# Questions & Answers



## Chrominator (Oct 11, 2007)

Aaaaaaaaaaaaaaaaaaaaaaaaaaaaaaaaaaaaaaaaaaaaaaaaaaaaaaaaaaaaaaaaaaaaaaaaaaaaaaa


----------



## MuskieJim (Apr 11, 2007)

I love Siglon F, but use it for strickly float fishing. When casting spoons and spinners, you are going to want a line that is not a hi-vis and one that can sink with normal consistancy. That's a good setup you're using, that's exacly what I run. 12 pound siglon main line, which usually has my float and a few splitshot right below the float to load it up. You then use a micro swivel and your fluorocarbon leader line. A few years back I carried like 4 different leader stregnths to "match conditions". Last year I only carried 2: 8 pound and 6 pound. Caught more fish last year than ever before. I think the line diameter between 4 and 6 is silly like you stated (.001?). That rarely makes a difference. I'm starting to get the itch too, about to re-spool my symetre.


----------



## MuskieJim (Apr 11, 2007)

I like Siglon a lot. I also like a cheaper line made by Raven (It's just called Raven Main Line, 690 yards for 12 bucks!). Both work really well. If you are worried about the memory here's a few tips I've learned. I always soak my spool of line before putting it on my reel. All lines, whether mono, floating line like Siglon, etc. change their form slightly when wet. This definately helps. Another good thing to do is every few fishing trips you can pull your line off the spool (I just walk mine in my front yard!) without anything on the end. Then when you reel it back up, it will remove basically all of your line twist. IMO, Siglon and Raven both perform better after they've been on the reel for a few trips. After I peel my line off and re-load it onto my spool, I rarely have any memory or looping problems. 

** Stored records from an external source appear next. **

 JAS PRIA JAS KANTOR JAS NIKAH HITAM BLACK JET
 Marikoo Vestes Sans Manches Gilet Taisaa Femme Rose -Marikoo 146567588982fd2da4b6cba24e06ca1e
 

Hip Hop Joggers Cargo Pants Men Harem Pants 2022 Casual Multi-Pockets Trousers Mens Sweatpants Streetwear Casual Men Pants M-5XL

http://www.fishusa.com/Raven-Main-Line-Monofilament-Line_p.html


----------



## Patricio (Feb 2, 2007)

when I used a drifting rod so many years ago, we used one line. and nailed the piss out of these fish. I dont understand the need to overcomplicate steelhead fishing. theyre very easy to catch. I dont get it.


----------



## BigDaddy300 (Nov 1, 2004)

Patricio said:


> when I used a drifting rod so many years ago, we used one line. and nailed the piss out of these fish. I dont understand the need to overcomplicate steelhead fishing. theyre very easy to catch. I dont get it.

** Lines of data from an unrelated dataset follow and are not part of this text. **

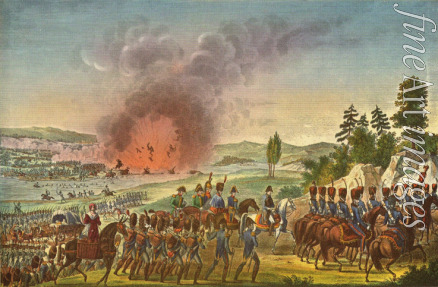 Pigeot François - Rückzug der Grande Armée aus Leipzig am 19. Oktober 1813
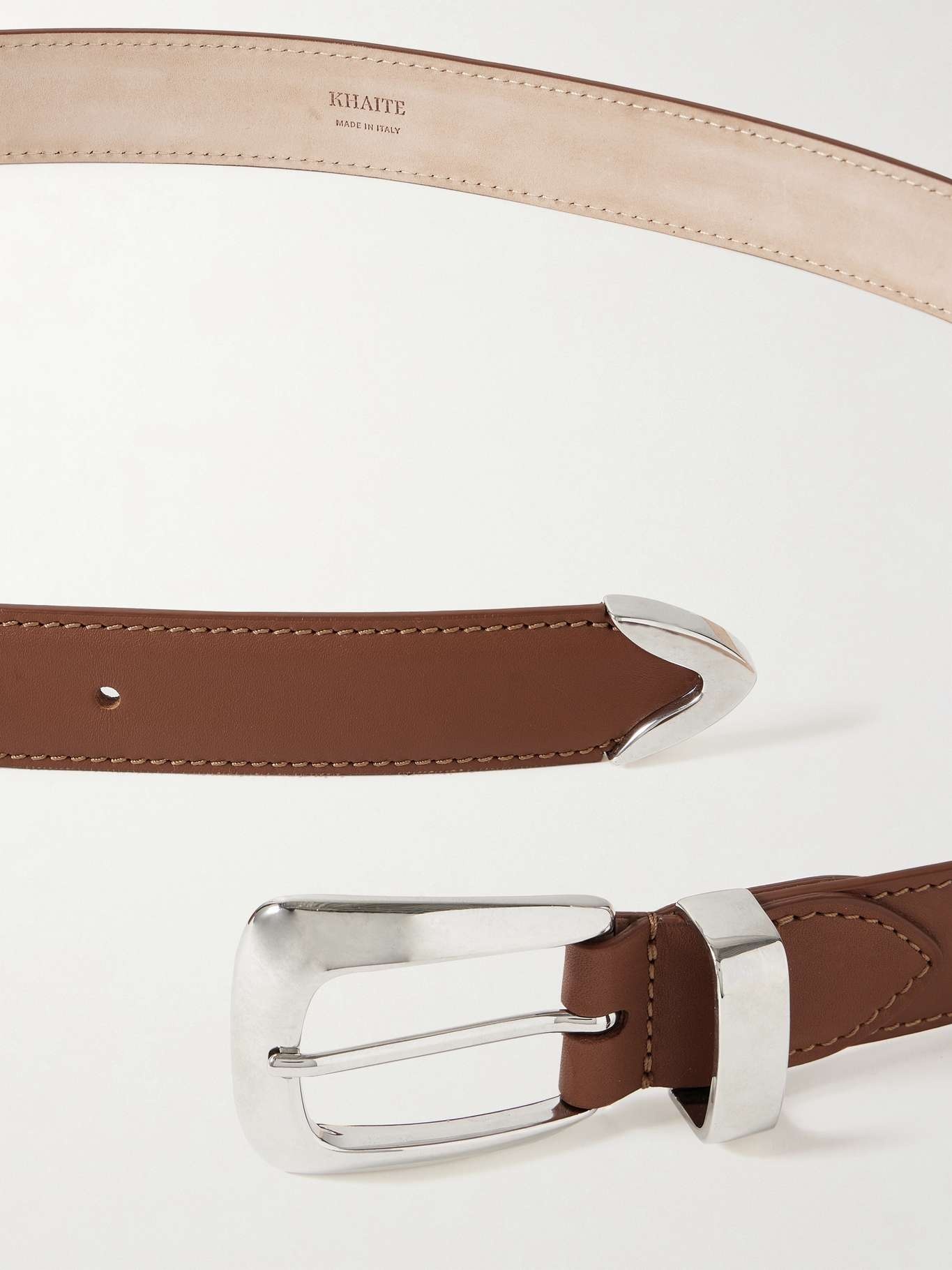 Benny leather belt Tan - 3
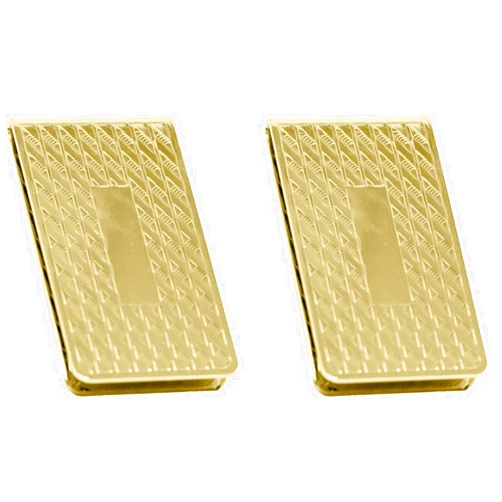 Stephanie Imports Set of 2 Chrome-Plated Stainless Steel Boxed Money Clip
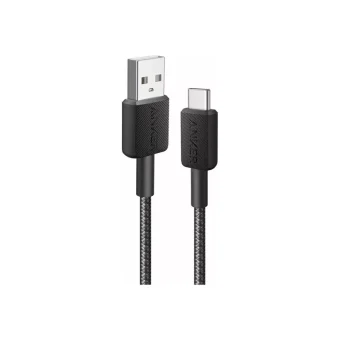 Anker 322 USB Cable Braided USB-A Male to USB-C Male 15W 1.8m Black A81H6G11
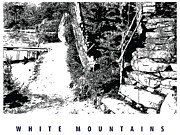 White Mountains and Saco Lake, Digital Art by Long Shot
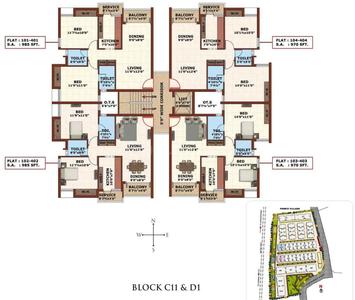 Project Image of 580.0 - 1400.0 Sq.ft 1 BHK Apartment for buy in Prince Village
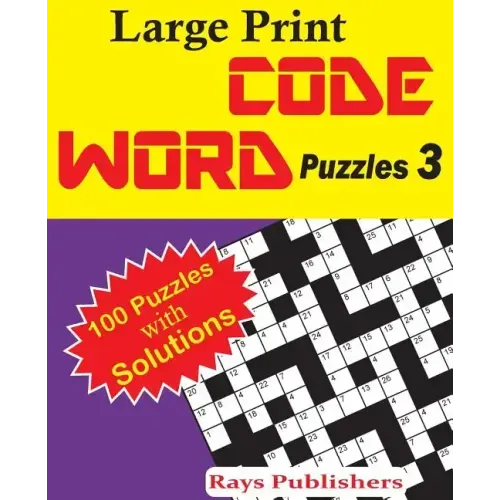 Large Print Code Word Puzzles 3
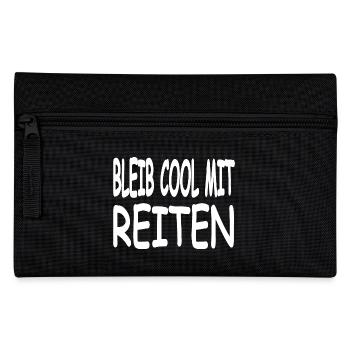 Reiten - Federtasche - Schwarz - Vorne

Just curious as to how long ago this was? Londons or Manistees? Maybe its me but I think the Londons were easier to catch. I agree that they are easy to catch but certain details like line choice can make it even easier at times.


----------



## MuskieJim (Apr 11, 2007)

There's nothing wrong with using one line. Some of my buddies use one line (P-Line, 8 pound fluoro from start to finish). But some people do like using a floating mainline which helps to tag and control your drift. To each his own!


----------



## AnthHol (Jul 24, 2007)

I'm with Jim on this one, I had a chance to try the Raven line and was extremely impressed for the price. Thats what I'll be using this year. I have always used a blood know rather than a micro swivel but have been tinkering with the idea of the swivel. I like the know because small floats can slide over it easily when I'm changing the height of my float. Both will work. Stick with it. It's like riding a bike, once you get the hang of a good drift and presentation you will start hammering fish. I also have used both one line and main line and leader and catches drastically increased with a leader. The float line is awful helpful when it comes to getting a drag/friction free drift and a good presentation which is what its all about. Sorry I dont know about the memory on the Siglon F I have no experience with it.


----------



## bassman56 (May 22, 2005)

Sometimes keeping it simple is the best thing. I think all the knots will weaken your whole setup. I just use Vanish Fluoro line as my main line. Havent had problems with it at all and caught many many fish. For the connections between lines i used to use blood knots, which are simple to tie. If you would like you can come out with me when the season starts,let me know and well meet up.


----------



## archman (Apr 30, 2004)

Chrominator,
You are right, it's not easy. The learning curve is different for everyone. Some guys can fish 5+ days/week, so the learning curve is much faster for them. It's not always about doing something wrong or right. You will get a different answer from 10 different guys on a particular subject. My advice to someone who is just learning is to spend some time walking the rivers, and find some go-to holes. If it's a popular spot, then that's fine. Talk to as many guys as possible on the river. Ask questions. They may even give you some hints on where you go. Once you find some holes that consistently produce fish, then start experimenting. There's nothing worse than experimenting in holes that just aren't good holes.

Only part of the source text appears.